> The task: The response should consist of the data below, copied exactly, with no pictures in it.

> Dataset content:

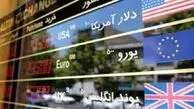 آخرین قیمت دلار و یورو و سایر ارزها عصر یکشنبه ۱۶ آذر ۱۴۰۴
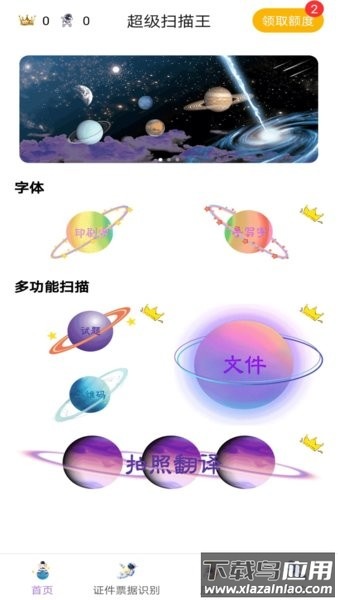 极速文件扫描app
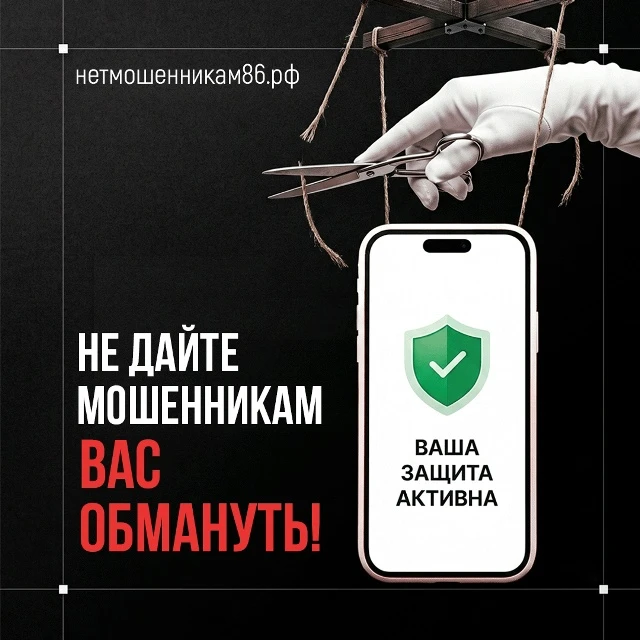 В Югре создали сайт для защиты от мошенников 🚨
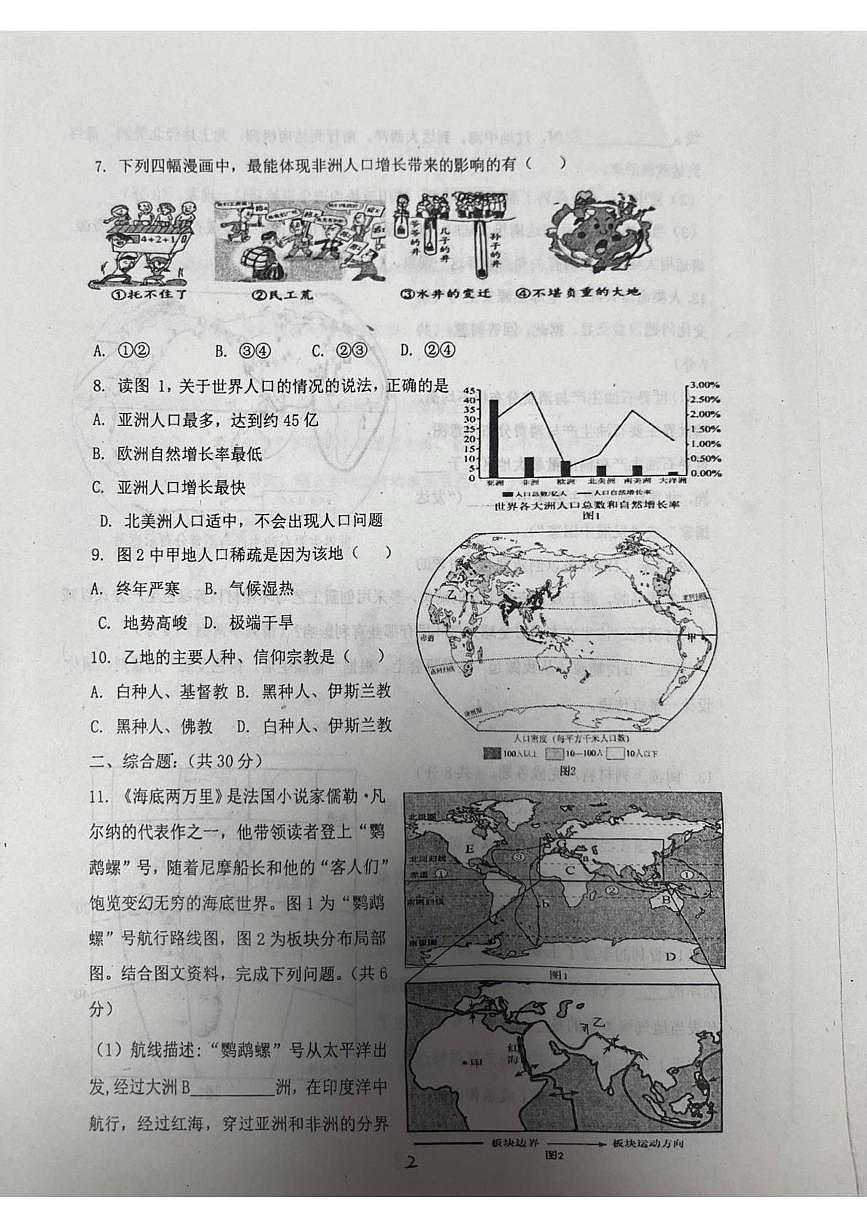 内蒙古自治区通辽市开鲁县2025-2026学年七年级上学期期末地理试题第2页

> Answer for the task:
 آخرین قیمت دلار و یورو و سایر ارزها عصر یکشنبه ۱۶ آذر ۱۴۰۴
 极速文件扫描app
 В Югре создали сайт для защиты от мошенников 🚨
 内蒙古自治区通辽市开鲁县2025-2026学年七年级上学期期末地理试题第2页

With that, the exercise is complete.